Ellen Rupel Shell's new "Jobs" book is my nomination for the worst book of the year.
1.It is wrong factually.
2.It is morally unsupportable.
3.It is racist.
Looking back and supposedly using data from the last century age of factories when a high school degree got one into the middle class, Shell makes an astounding and awful conclusion: "a college degree is worth less to people who most need a boost: those born poor."
Even The New York Times, the disseminator of this misinformation, was compelled to have the two experts she cites write a refutation about the misuse of their research. Tim Bartik and Brad Hershbein correctly state,
"For the average college graduate from a low-income background (those who grow up with family earnings below 185 percent of the poverty line), lifetime earnings are about $810,000. But for the average person from a low-income background with just a high school diploma, average lifetime earnings are about $475,000."
-Ms. Shell compares those born poor to those born rich, suggesting that those born poor should be as rich as the rich with a college degree.

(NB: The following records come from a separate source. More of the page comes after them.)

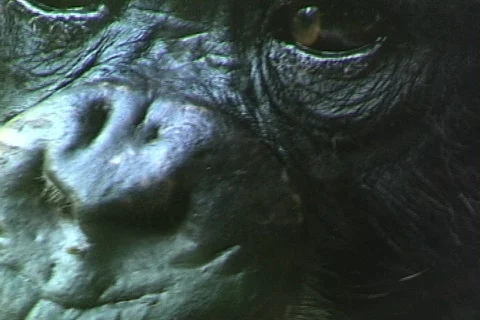 Chimp-xcu Stock Footage 816934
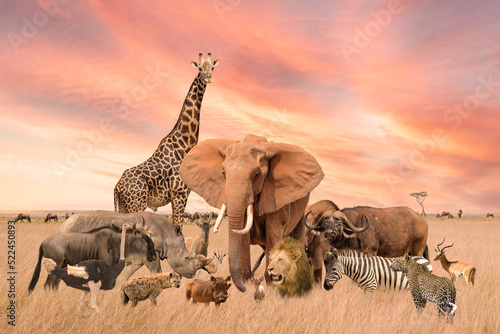 Photography Group of safari African wild animals stand together in savanna grassland with ba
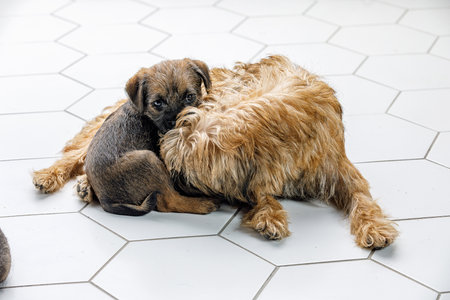 Little beautiful puppy on a white tile with its motherの写真素材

-She discourages those born poor from getting a college degree, which supposedly is part of, or all of, the whole mission of Boston University and all of higher education.

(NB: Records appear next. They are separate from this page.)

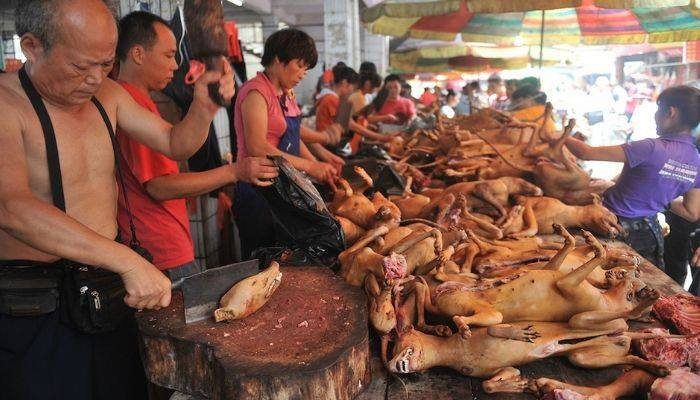 Չինաստանում առաջին անգամ արգելվել է շներ ու կատուներ ուտել․ #BBCNews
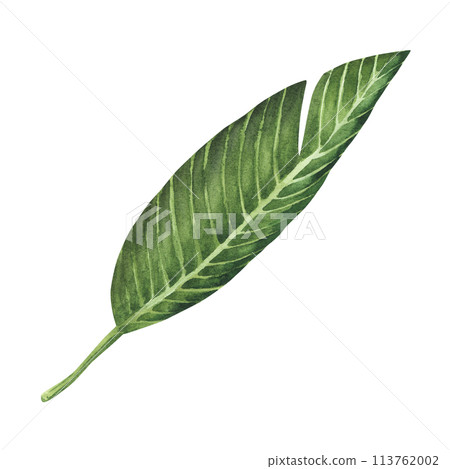 Plumeria Floral leave. Isolated on white background. Watercolor painting. Hand drawn. For design, cards, invitations, etc Plumeria Floral leave. Isolated on white background. Watercolor painting. Hand drawn. For design, cards, invitations, etc 113762002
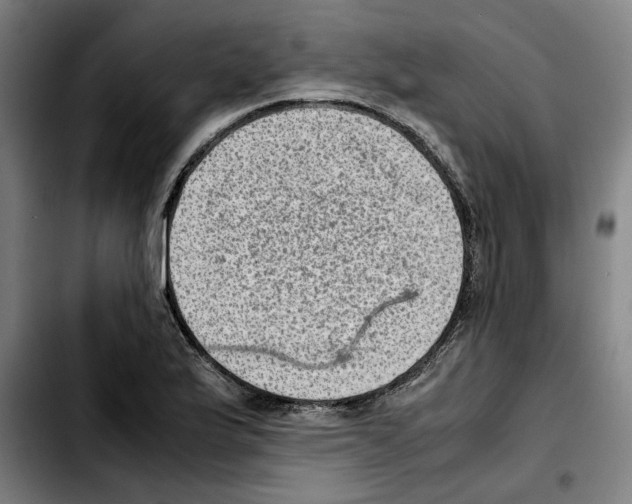 X0000103411175200810241201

-As any president of a black institution will point out, the main targets of Shell's discouragement are proportionally more black and Latino. Shell admits that HER children and grandchildren will get a college education, too bad for African-Americans.
Thank you to Tim Bartik and Brad Hershbein for refuting this abominable factually incorrect book whose purpose, apparently, is to keep the poor poor and do away with the whole notion of life, liberty and the pursuit of happiness. Boston University should be ashamed to have this caliber of professor teaching.
Baby hummingbirds, photo taken this weekend, born poor.